Digital holography is a well stablished method for simultaneous phase and amplitude imaging, with straightforward procedures for the reconstruction of complex diffraction patterns [5]. As an interferometric technique, holography provides high sensitivity while meaning a non-invasive procedure. In particular, phase-shifting digital holography is a common approach where a set of interference patterns, with a different phase-shift between object and reference beams have to be recorded [6]. This procedure efficiently exploits the spatial resolution of digital sensors [7].

Single-pixel imaging has focused the interest of a large number of researchers as an innovative computational imaging technique [8]. Instead of using a conventional camera, single-pixel techniques rely on the sequential projection of microstructured light patterns onto a sample while a simple photodiode records the light intensity collected for each pattern. The photocurrent fluctuations corresponding to sampling the scene with these different microstructured masks encompass the spatial information of interest. Thus, the stage of the spatial sampling is shifted away from the sensor, the camera in traditional imaging techniques, to the programmable spatial light modulator where the masks are displayed.

Single-pixel imaging offers a series of advantages in harsh or exotic environments where detectors with a 2D structure are not accessible, like in the spectral bands where spatial high resolution sensors are difficult to build [9], also in applications which are limited by scarce illumination [10] or when vision through scattering media is envisaged [11–13]. Single-pixel techniques are well adapted to apply compressive sensing algorithms, reducing in this way measurement and processing time [14]. Furthermore, the simplicity of the sensor can be exploited to measure new physical imaging dimensions, such as wavelength or polarization, of the sample under scrutiny.

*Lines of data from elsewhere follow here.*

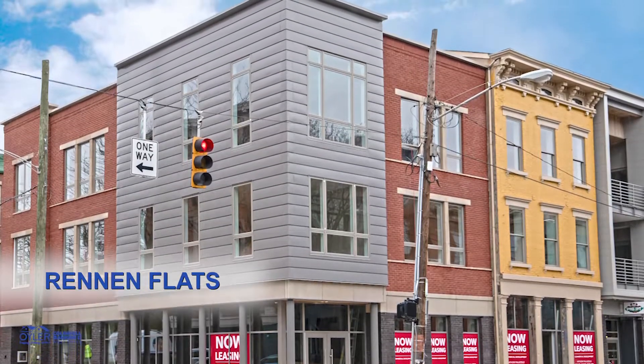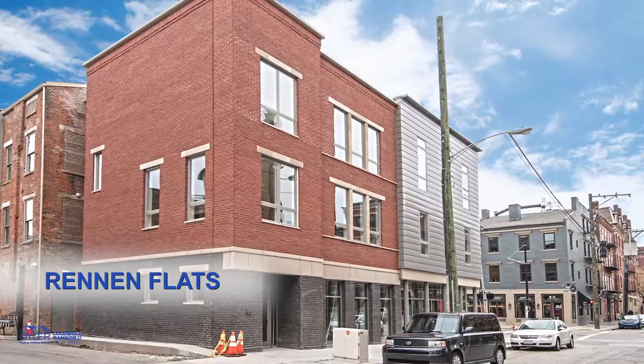Hello, Scott Euler with the Euler Group at Coldwell Banker West Shell, and today I'm showing you OTR's newest development, Renan Flats.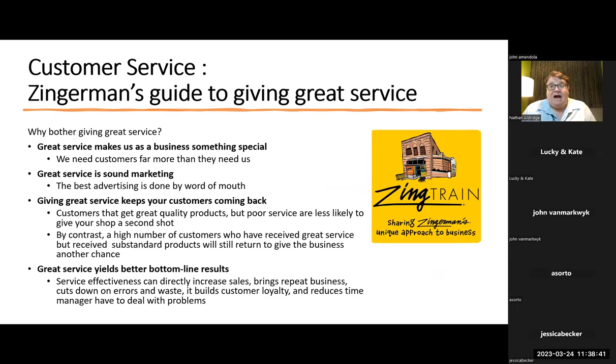Now, customer service. I've never worked with Zingerman's and I'm not a certified Zingerman trainer, so I'm not taking any credit for this. I pulled some information because there was a question about Zingerman's customer service on the test I took in 2018. I would know Zingerman's as a business — a cheese shop in the United States from Ann Arbor, Michigan. Know the owner, Ari. They have a beautiful training program covering leadership and customer service. Why bother giving great service? Great service makes a business something special. We need customers far more than they need us. Great service is sound marketing — the best advertising is done by word of mouth.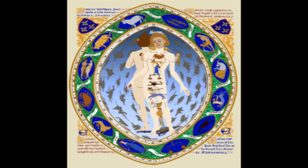Duke Jean had commissioned the brothers to make the Book of Hours. It was around 1413, the early 15th century, when the Book of Hours was being made. However, three years later, the Limbourg brothers and the Duke had died from plague, leaving the Zodiac Man along with the Book of Hours unfinished.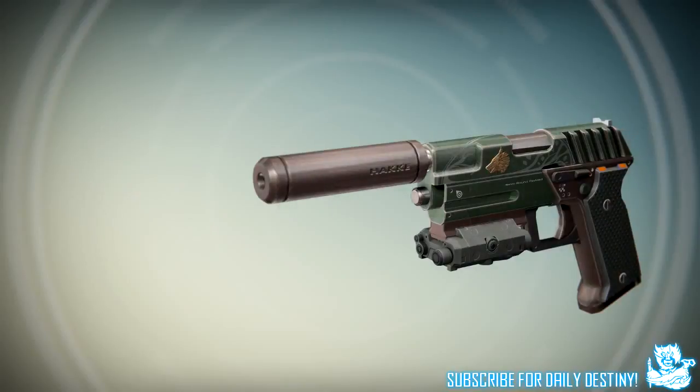The last weapon is this Iron Banner hand cannon — or sidearm. I've seen some people call it a sidearm and others call it a hand cannon. Either way it looks incredible. I'm hoping that all the Iron Banner weapons get a facelift, are remade, or that we just get completely new weapons — that would be pretty badass.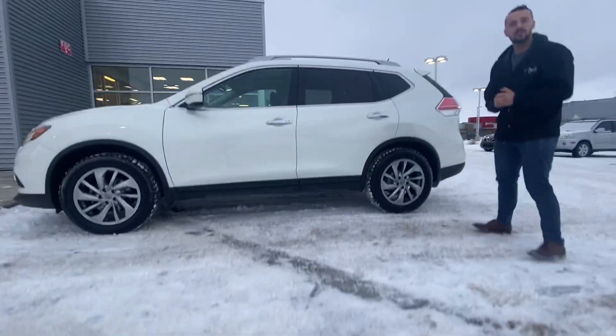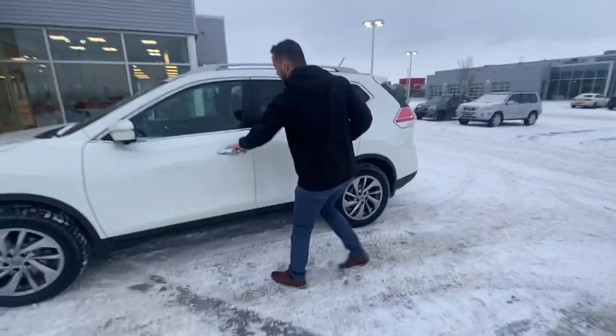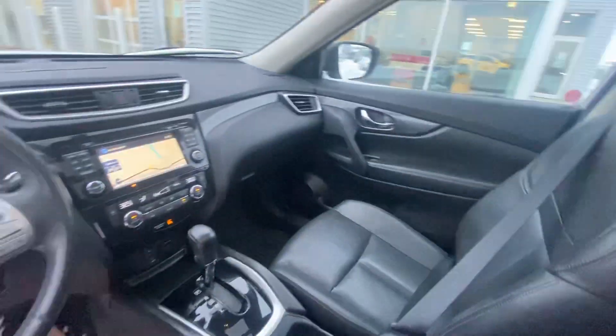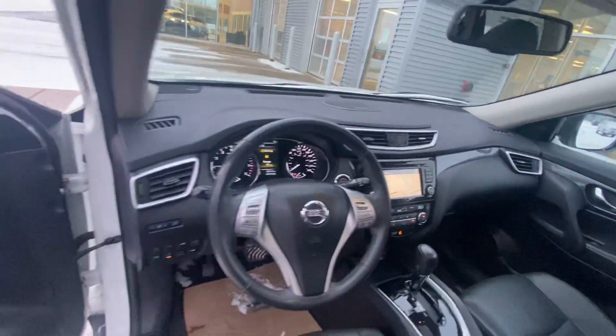Let me know, but I want to make a sneak peek inside as well. You've got that full leather interior, navigation, heated seats, dual panel panoramic moonroof, and so much more.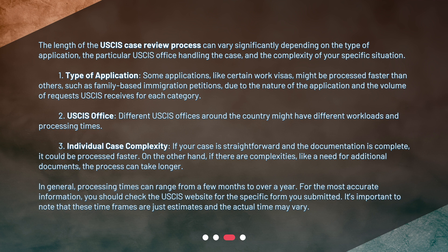Second, the USCIS office — different USCIS offices around the country might have different workloads and processing times. Third, individual case complexity — if your case is straightforward and the documentation is complete, it could be processed faster. On the other hand, if there are complexities like a need for additional documents, the process can take longer.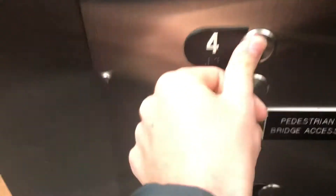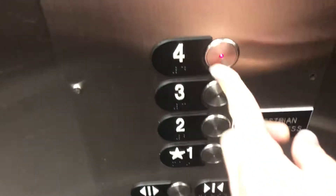This is the Court Street Elevator at the Virginia Beach Town Center Blue Garage in Virginia Beach, Virginia. Here we go.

Liquid crystal spatial light modulators (LC-SLMs) are commonly used to codify the sampling patterns in single-pixel techniques, although these phase-modulation devices have a stringent frame-rate limitation, usually around 60 Hz [15]. In contrast, digital micro-mirror devices (DMDs) can reach frame rates up to 22 kHz. A DMD is a reflective type of binary SLM, with multiple tiny switchable mirrors. Each mirror can be switched to either + 12° or −12° with respect to the surface normal, corresponding to the “on” or “off” state, respectively. Even if a DMD is an amplitude modulator, several techniques to modulate phase and amplitude of light beams with this kind of modulators have been reported [16,17]. DMDs have also been used in digital holography systems [18].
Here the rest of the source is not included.